Служба окончилась, и все ушли. Я остался на паперти, любуясь этим уголком Парижа. Кроме меня, вокруг вроде бы никого не было. Но вдруг на другом конце паперти я увидел человека, который, как мне показалось, пристально на меня смотрит, не двигаясь с места. Тогда я подошел к нему. Подойдя совсем близко, я увидел, что у него на глазах слезы. И тогда я его узнал. Это был именно тот человек, который в данную минуту был мне нужен.

Я сказал:

— Здравствуйте, Александр Иванович. Чем вы так огорчены?

— Я могу вас спросить, за что вы меня так обидели?

— Я?! Вас обидел?! Я написал вам письмо, что не могу больше у вас работать. Вы отлично знаете, почему. Без всякой причины вы переменили курс и стали бранить Врангеля.

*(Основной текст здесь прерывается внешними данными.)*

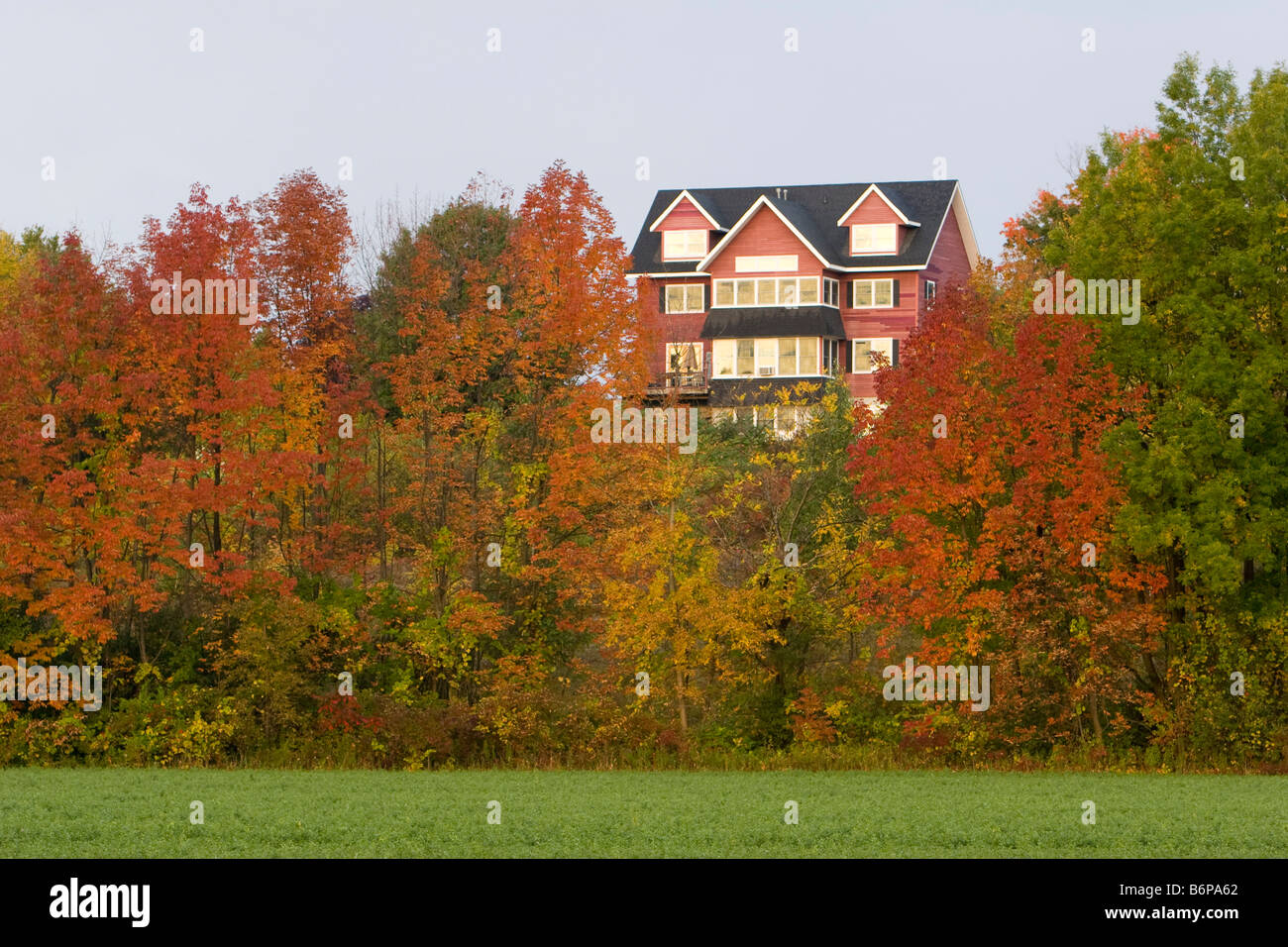 Ein Haus versteckt in rot und Orange Blätter des Herbstes in ländlichen Vermont 6. Oktober 2008 Stockfoto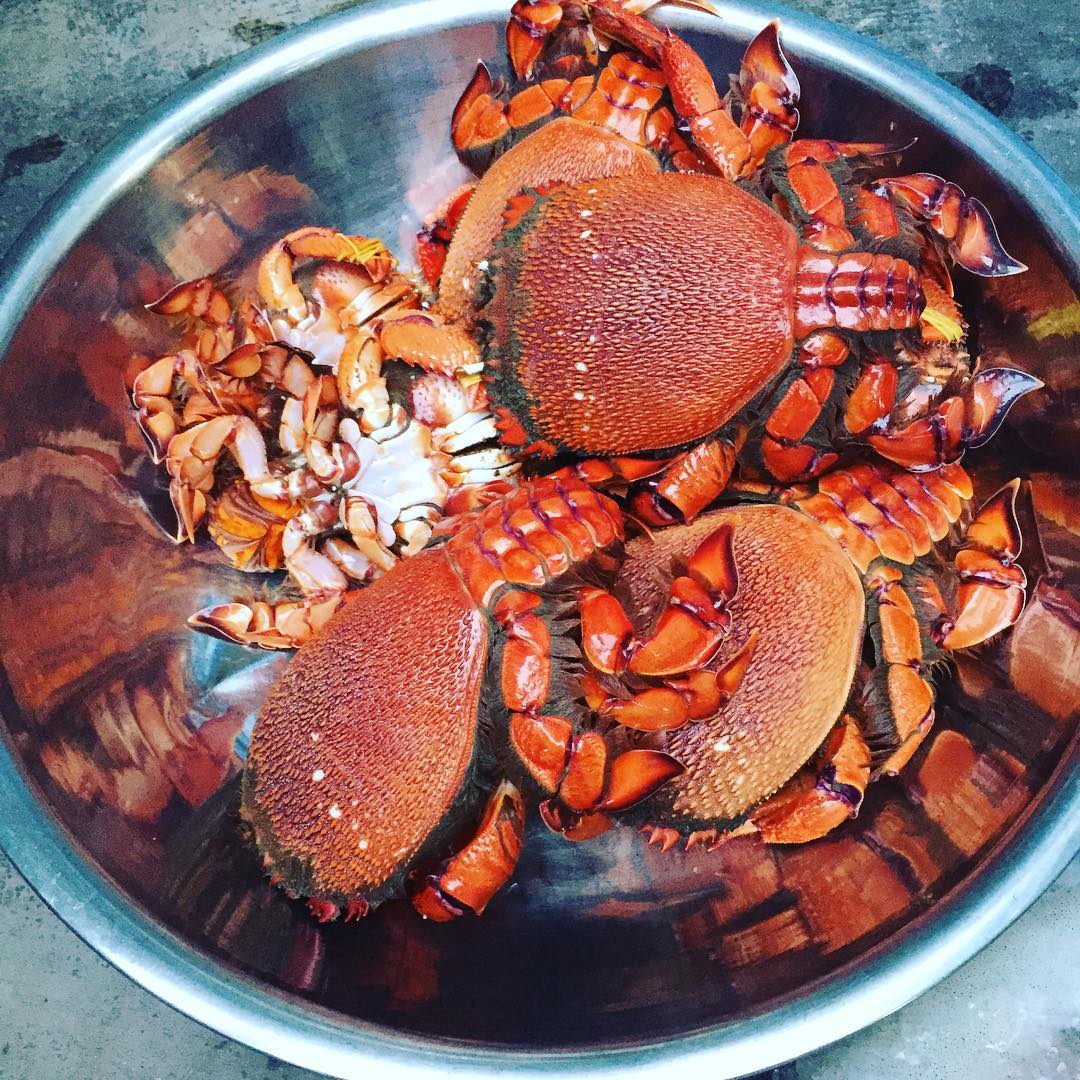 Bắt Sóng 20 Địa Danh Du Lịch Nóng Bỏng Tay Cần Phải Đi Trong Năm 2017 (Phần 1) 10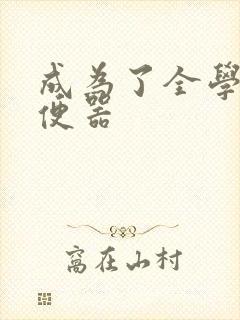 成为了全学校坐便器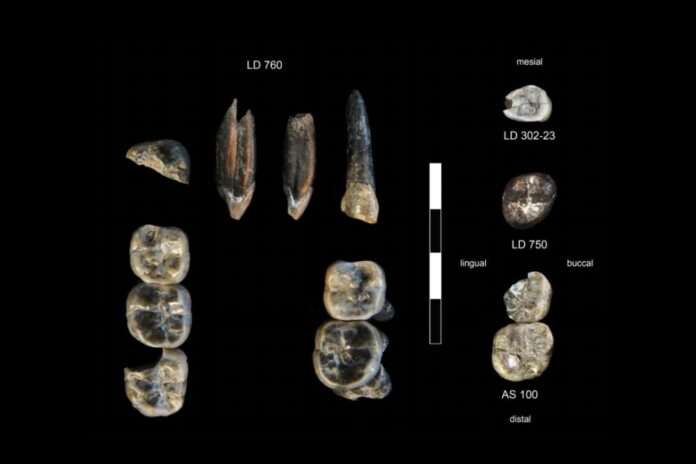 ​Найден таинственный родственник человека возрастом 2,6 миллиона лет - новости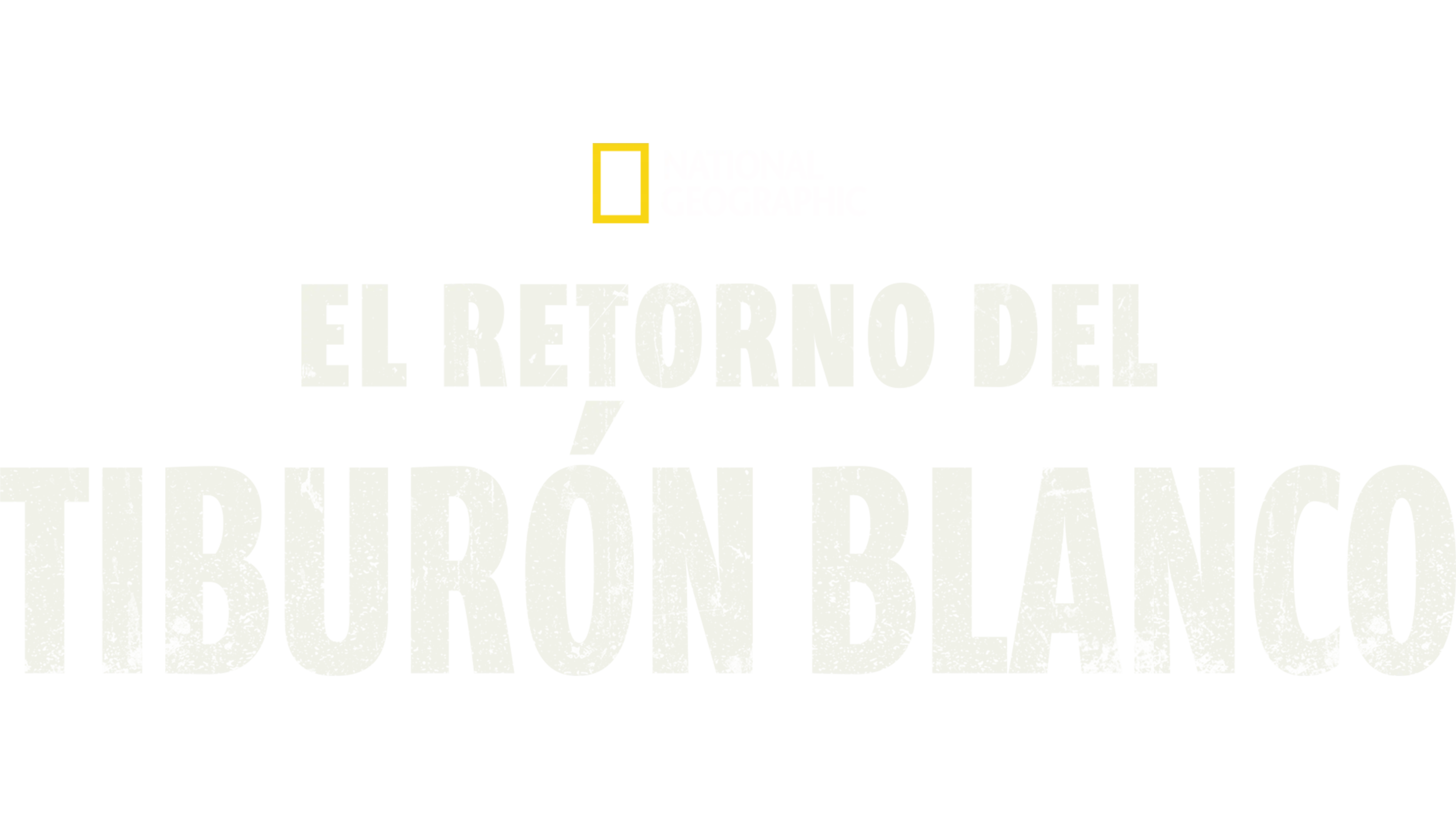 El Retorno del Tiburón Blanco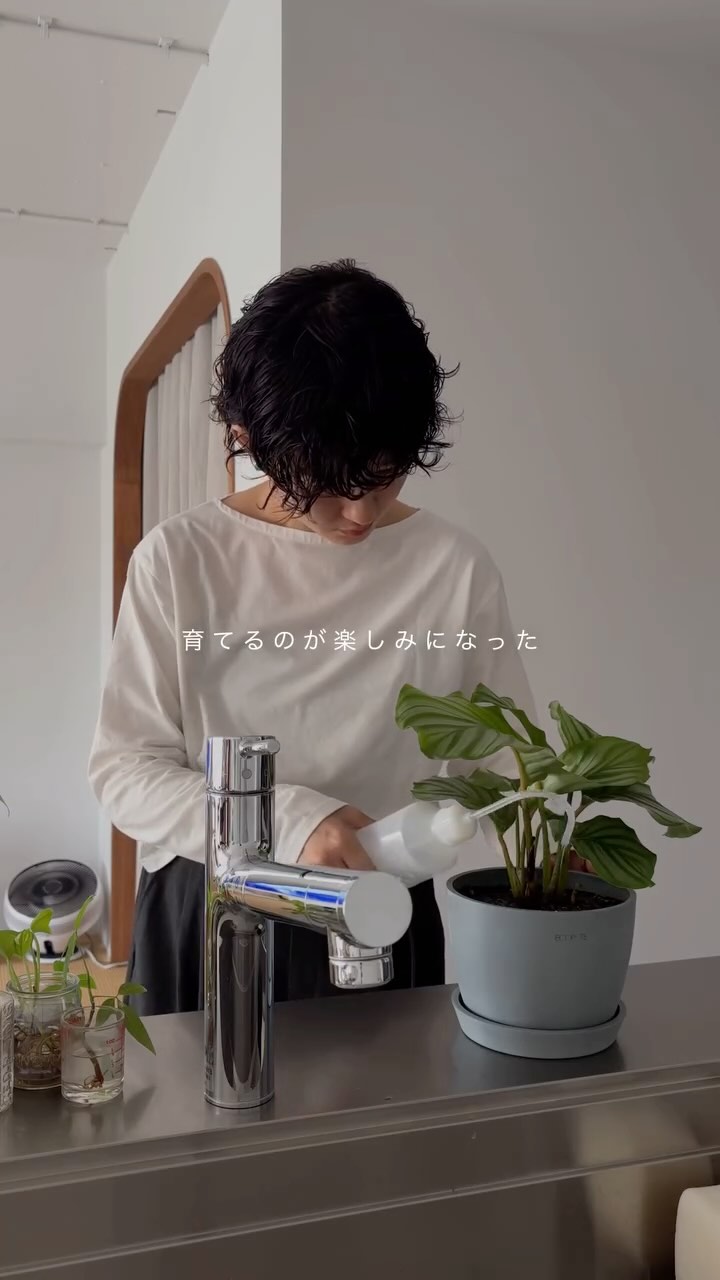 Instagram post by @ayaka___kurashi for AND PLANTS. Caption reads: 植物の植え替え&新しい子をお迎えしました🪴
　
差し木から育ててる大事なエバーフレッシュ🌿
大き....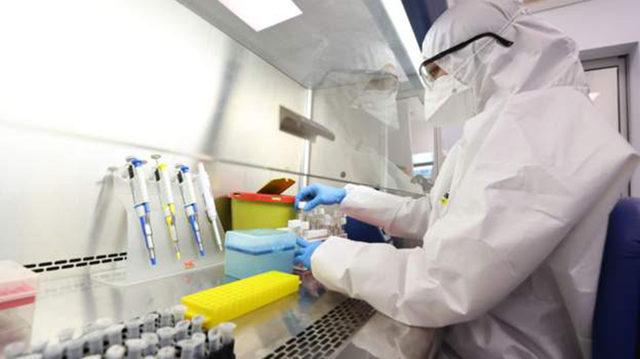 Bilim İnsanlarına Göre Koronavirüs İlaçları, Java Maymunları Üzerinde Denenebilir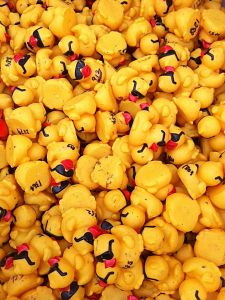 Rubber ducks for the duck race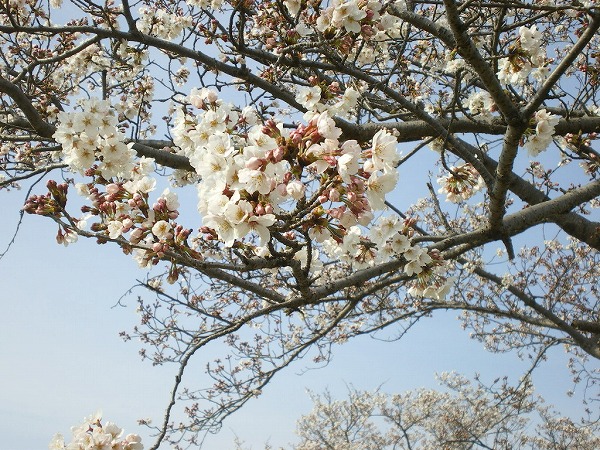 2009-4-5-heijyokyu 023.jpg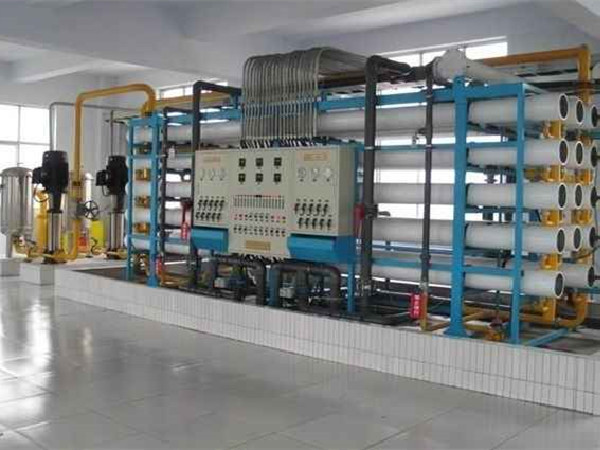 信號紫羅蘭彩涂卷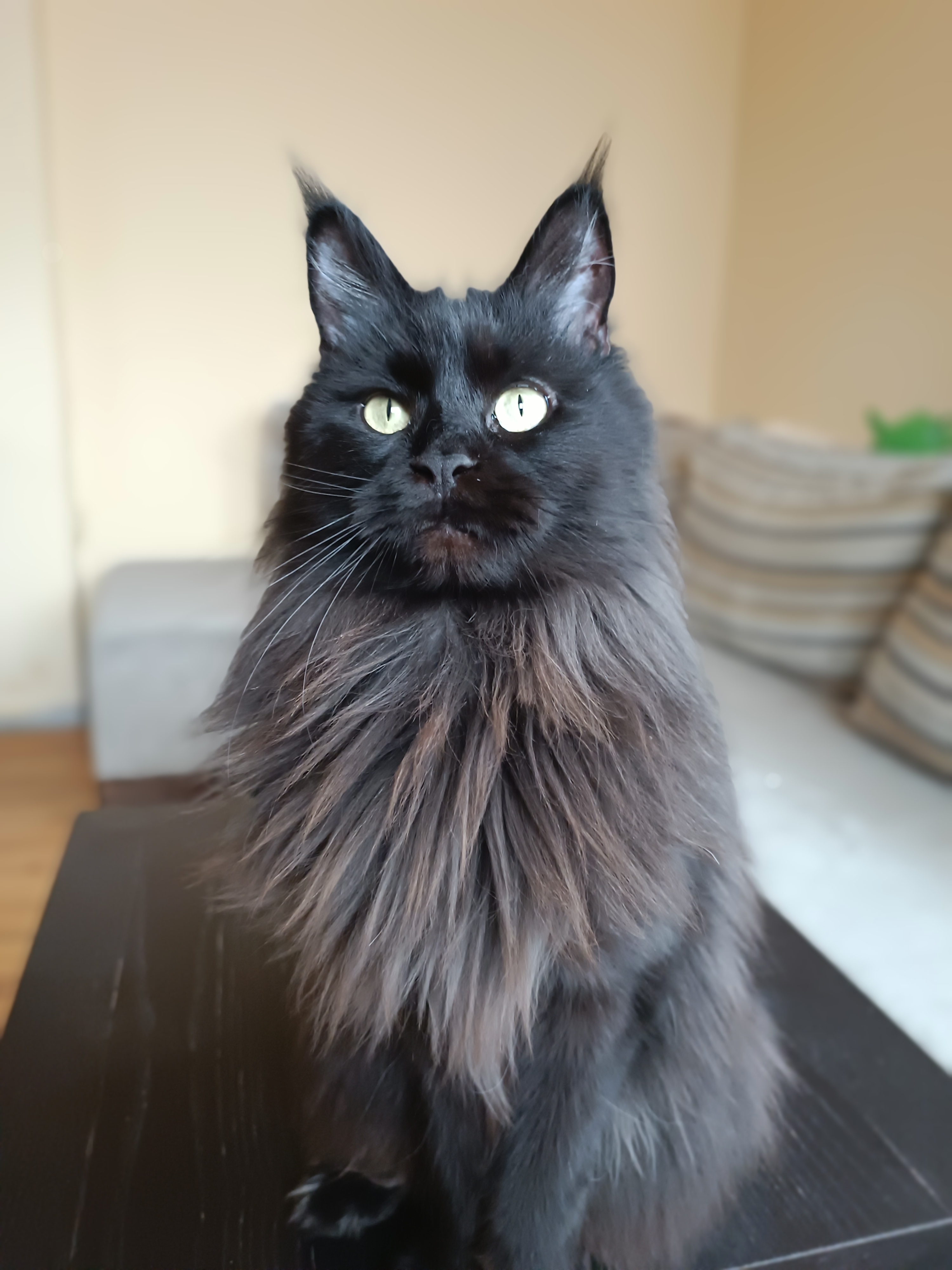 BG* CHERYTTA BASTET DIVINE BULGARIA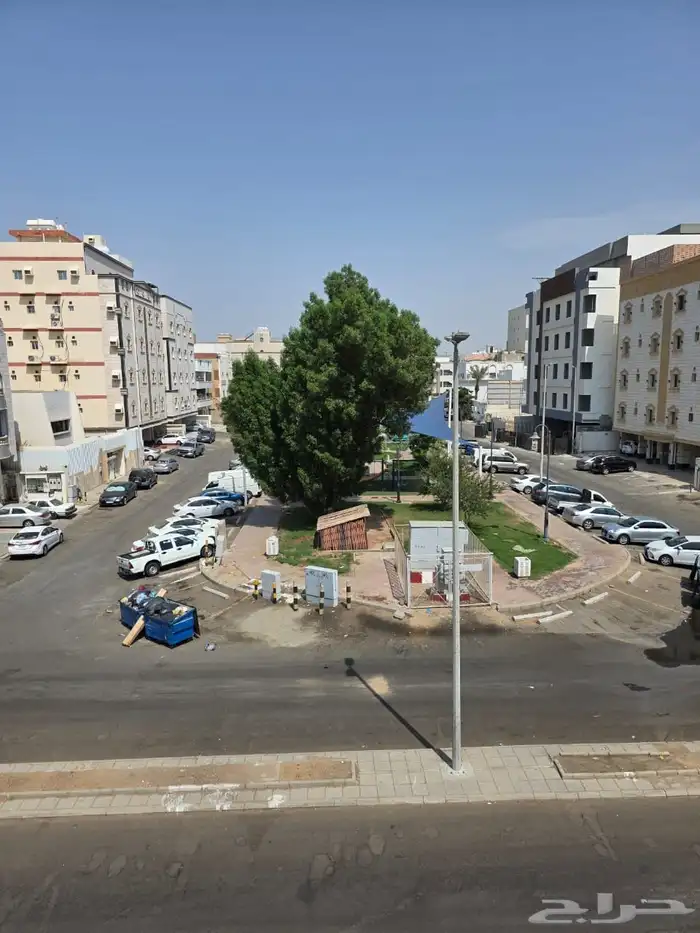 عماره بحي الصفا منطقه عماير للبيع فرص 1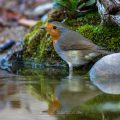 Rotkehlchen (Erithacus rubecula)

— Это я могу понять. Но вы написали мне: «милостивый государь Александр Иванович». Так пишут, когда вызывают на дуэль.

— Я не вызывал и не вызываю вас на дуэль. Но, продолжая оперу, — «не потрудитесь ли объяснить мне ваши поступки?»

— Конечно, непременно. Но не здесь. Можете ли вы придти завтра в кафе «Опера», ну, скажем, к двенадцати часам?

— Приду.

Я пришел раньше их. Должен был придти еще один руководитель этой газеты, названия которой, к сожалению, не помню18. Поэтому я мог рассмотреть достопримечательности этого кафе. За оградой стоял обыкновенный мраморный столик, за которым когда-то сидел Наполеон, когда он еще не был императором.

Потом они пришли. И каждый, один догоняя другого, начал говорить примерно следующее: некоторое время тому назад к ним в редакцию ворвался Марков. Я спросил, какой Марков.

— Николай Евгеньевич, Марков второй, — ответили они.